**Exercise objective:** Exactly as written, write out the lines below from the first to the one containing "Dvodijelni set sofa", inclusive. Pictures do not belong in the copy.

**Data records:**
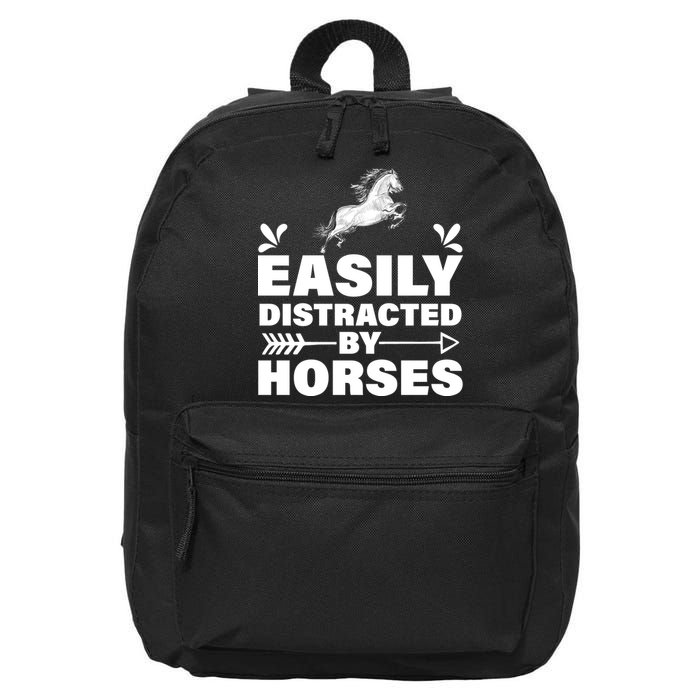 Easily Distracted By Horses 16 in Basic Backpack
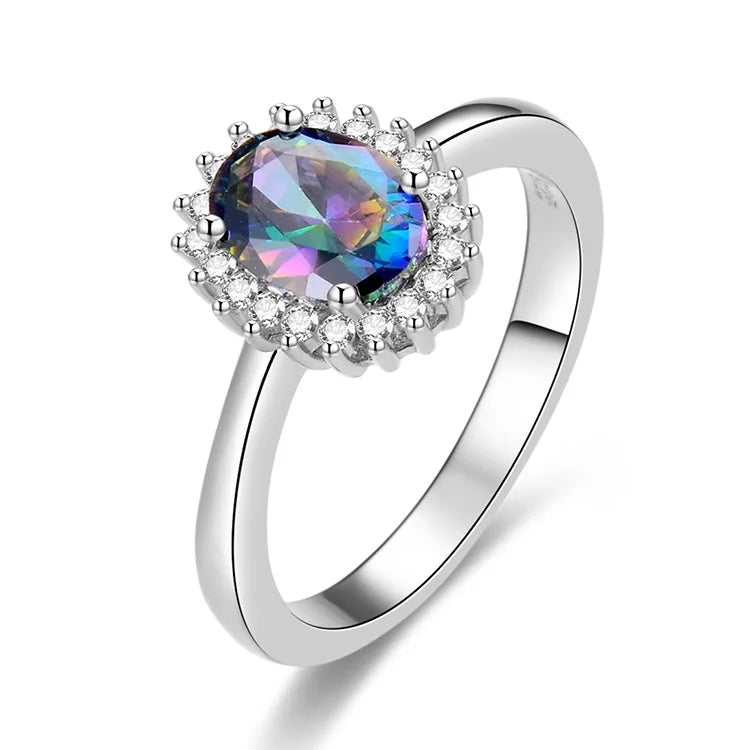 Fashion Women's 925 Silver Oval Cut Crystal Gemstone Ring with Diamond Main Stone Rhodium Plated Setting for Party Engagement
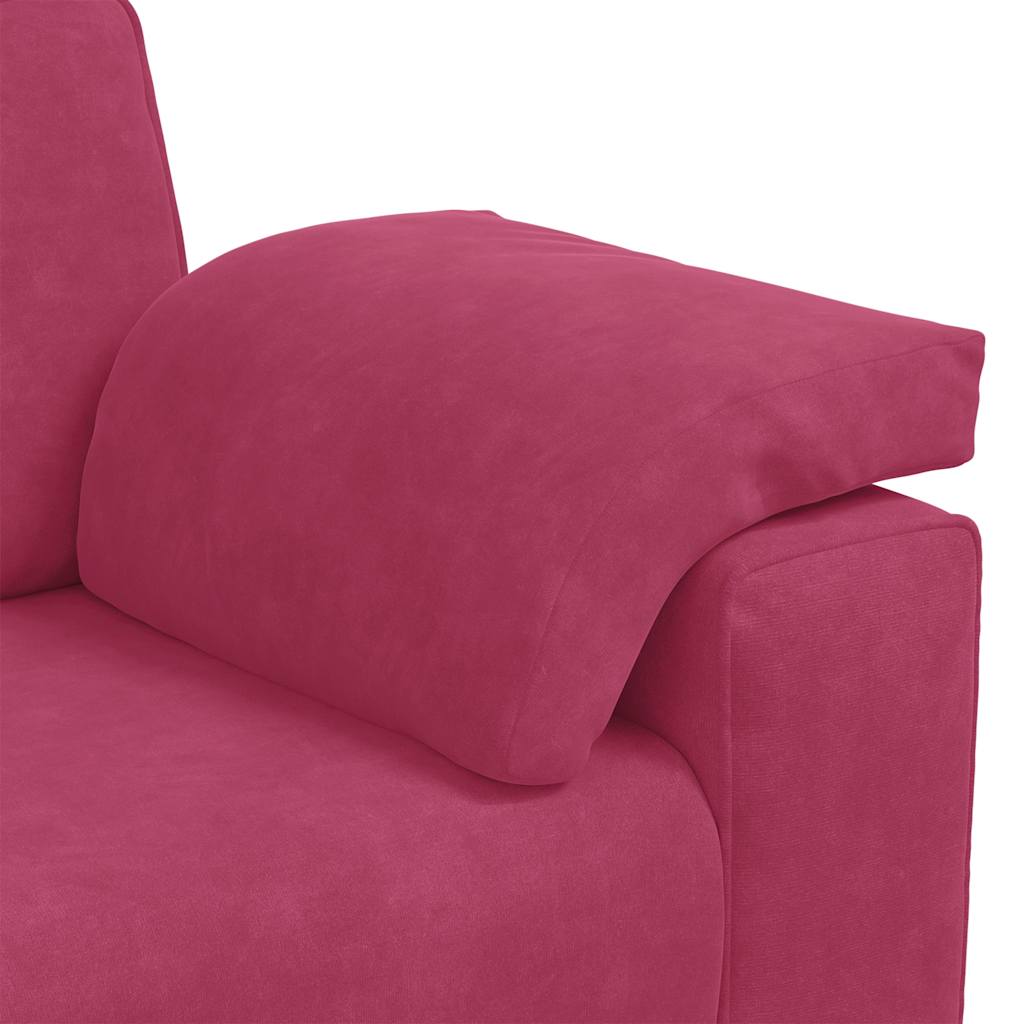 Dvodijelni set sofa s jastucima, vinsko crveni baršun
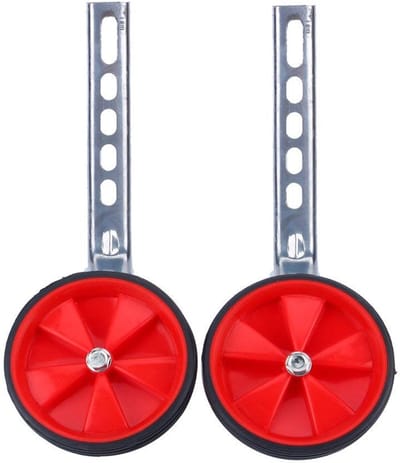 Dailygoods- Stabilisatorwielen Universeel - Fiets Trainingswiel - Veilig Fietsondersteuningswieltjes - Verstelbaar - Stabiele Metalen Beugel - Geschikt voor 12-20 Inch - Trainingswielen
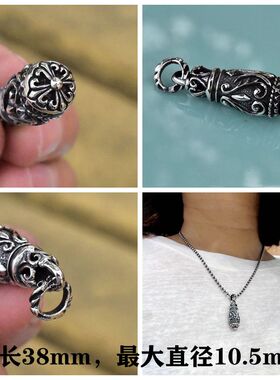 进口男士925纯银子弹箭头吊坠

**Output for this task:**
 Easily Distracted By Horses 16 in Basic Backpack
 Fashion Women's 925 Silver Oval Cut Crystal Gemstone Ring with Diamond Main Stone Rhodium Plated Setting for Party Engagement
 Dvodijelni set sofa s jastucima, vinsko crveni baršun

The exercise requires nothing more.